Study 2 was a randomized-withdrawal study, designed to demonstrate the sustained efficacy of pramipexole for treatment of RLS after a period of six months. RLS patients who responded to Mirapex tablets treatment in a preceding 6-month open-label treatment phase (defined as having a CGI-I rating of “very much improved” or “much improved” compared to baseline and an IRLS score of 15 or below) were randomized to receive either continued active treatment (n=78) or placebo (n=69) for 12 weeks. The primary endpoint of this study was time to treatment failure, defined as any worsening on the CGI-I score along with an IRLS Scale total score above 15. In patients who had responded to 6-month open label treatment with MIRAPEX tablets, the administration of placebo led to a rapid decline in their overall conditions and return of their RLS symptoms. At the end of the 12-week observation period, 85% of patients treated with placebo had failed treatment, compared to 21% treated with blinded pramipexole, a difference that was highly statistically significant. The majority of treatment failures occurred within 10 days of randomization. For the patients randomized, the distribution of doses was: 7 on 0.125 mg, 44 on 0.25 mg, 47 on 0.5 mg, and 49 on 0.75 mg.

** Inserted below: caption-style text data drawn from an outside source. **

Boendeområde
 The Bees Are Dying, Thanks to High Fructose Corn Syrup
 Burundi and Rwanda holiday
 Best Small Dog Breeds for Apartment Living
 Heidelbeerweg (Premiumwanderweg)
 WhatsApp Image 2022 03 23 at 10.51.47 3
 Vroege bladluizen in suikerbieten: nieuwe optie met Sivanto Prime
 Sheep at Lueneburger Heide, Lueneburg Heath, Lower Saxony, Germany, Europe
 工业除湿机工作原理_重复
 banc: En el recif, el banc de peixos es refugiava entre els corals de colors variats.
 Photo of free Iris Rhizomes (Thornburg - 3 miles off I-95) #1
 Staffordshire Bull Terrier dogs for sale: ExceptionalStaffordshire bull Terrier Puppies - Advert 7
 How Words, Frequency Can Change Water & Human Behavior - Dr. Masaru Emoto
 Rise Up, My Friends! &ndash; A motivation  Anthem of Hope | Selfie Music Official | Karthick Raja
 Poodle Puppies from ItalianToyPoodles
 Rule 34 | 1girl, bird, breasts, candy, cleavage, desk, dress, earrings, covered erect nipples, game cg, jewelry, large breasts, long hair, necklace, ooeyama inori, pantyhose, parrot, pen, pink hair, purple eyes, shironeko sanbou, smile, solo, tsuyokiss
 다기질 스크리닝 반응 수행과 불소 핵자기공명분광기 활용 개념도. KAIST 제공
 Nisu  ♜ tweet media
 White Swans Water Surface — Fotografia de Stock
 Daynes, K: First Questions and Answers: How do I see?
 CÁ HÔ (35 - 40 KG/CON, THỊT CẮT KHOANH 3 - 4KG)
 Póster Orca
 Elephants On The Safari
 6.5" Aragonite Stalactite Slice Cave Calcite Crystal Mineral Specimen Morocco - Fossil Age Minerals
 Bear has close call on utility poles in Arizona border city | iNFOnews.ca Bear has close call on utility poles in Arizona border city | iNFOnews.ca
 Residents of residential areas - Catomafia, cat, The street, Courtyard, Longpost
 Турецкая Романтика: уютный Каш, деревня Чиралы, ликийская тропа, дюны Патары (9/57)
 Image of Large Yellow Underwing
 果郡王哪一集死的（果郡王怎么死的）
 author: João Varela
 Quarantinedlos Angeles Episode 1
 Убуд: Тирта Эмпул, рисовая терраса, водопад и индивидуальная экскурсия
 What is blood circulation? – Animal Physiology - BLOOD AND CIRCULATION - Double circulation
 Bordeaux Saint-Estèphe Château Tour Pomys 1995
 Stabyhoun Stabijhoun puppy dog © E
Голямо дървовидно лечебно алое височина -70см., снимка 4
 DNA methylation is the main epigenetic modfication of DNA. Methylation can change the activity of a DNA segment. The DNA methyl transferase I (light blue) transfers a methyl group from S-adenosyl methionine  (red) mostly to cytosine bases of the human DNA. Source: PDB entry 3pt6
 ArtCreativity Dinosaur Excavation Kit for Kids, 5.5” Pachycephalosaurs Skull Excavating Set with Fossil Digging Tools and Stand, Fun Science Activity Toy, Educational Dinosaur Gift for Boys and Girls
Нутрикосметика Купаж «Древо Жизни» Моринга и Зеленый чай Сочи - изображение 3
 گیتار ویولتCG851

Study 3 was a 6-week study, comparing a flexible dose of MIRAPEX tablets to placebo. In this study, 345 patients were randomized in a 2:1 ratio to Mirapex tablets or placebo. The mean improvement from baseline on the IRLS Scale total score was -12 for Mirapex-treated patients and -6 for placebo-treated patients. The percentage of CGI-I responders was 63% for Mirapex-treated patients and 32% for placebo-treated patients. The between-group differences were statistically significant for both outcome measures. For the patients randomized to Mirapex tablets, the distribution of achieved doses was: 35 on 0.125 mg, 51 on 0.25 mg, 65 on 0.5 mg, and 69 on 0.75 mg.

Study 4 was a 3-week study, comparing 4 fixed doses of Mirapex tablets, 0.125 mg, 0.25 mg, 0.5 mg, and 0.75 mg, to placebo. Approximately 20 patients were randomized to each of the 5 dose groups. The mean Page 23 of 25 improvement from baseline on the IRLS Scale total score and the percentage of CGI-I responders for each of the Mirapex tablets treatment groups compared to placebo are summarized in Table 9. In this study, the 0.125 mg dose group was not significantly different from placebo. On average, the 0.5 mg dose group performed better than the 0.25 mg dose group, but there was no difference between the 0.5 mg and 0.75 mg dose groups.